For each of the past five years, Americans have consumed more than 11 million metric tons of sugar, a figure that has more or less held steady since about 2019. Sugar, therefore, represents a solid, stable market in the U.S., and the country's sugar refiners are underway not only with grassroot projects, but also capital projects at existing plants and several maintenance programs.

Two grassroot sugar plants are expected to begin construction soon. Sucro Limited (Coral Gables, Florida) will site a new refinery at its existing location in the University Park area of Chicago. The 50,000-square-foot facility will provide 350,000 metric tons per year of refined sugar products, with a focus on specialty sugar capabilities, including large grain crystals used in specialty foods and confectionery. It also will be home to an integrated brown sugar line, specialty liquid production and will be able to refine organic sugar.

Sucro Chief Executive Officer Jonathan Taylor said, “Our new Chicago refinery will add much-needed domestic refinery capacity to address the demand for refined sugar and reduce the market's reliance on imports. The refinery's primary focus will be higher value specialty sugar products which are in high demand from U.S. food processors and manufacturers.” According to Sucro, the location represents the most inland cane sugar refinery in the U.S., providing a strong advantage to serve the Midwestern market in the U.S. Subscribers to Industrial Info's Global Market Intelligence (GMI) Food & Beverage Project Database can learn more by viewing the project report.
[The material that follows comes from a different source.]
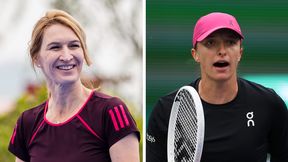 Niesamowite. Świątek jak Steffi Graf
Another grassroot plant is planned for the site of the former Majestic Star Hotel & Casino in Gary, Indiana. Indiana Sugars Incorporated (Gary) is getting started on demolishing the existing structures and over the course of three construction phases will build a powdered sugar factory, including a warehouse in the final stage. The new facility will allow Indiana Sugars to relocate operations from its existing site in Gary. While Phase I construction is expected to be completed in 2025, the end of Phase III, which includes a storage warehouse, isn't expected until 2027. Subscribers to Industrial Info's GMI Project Database can learn more by viewing the related project reports.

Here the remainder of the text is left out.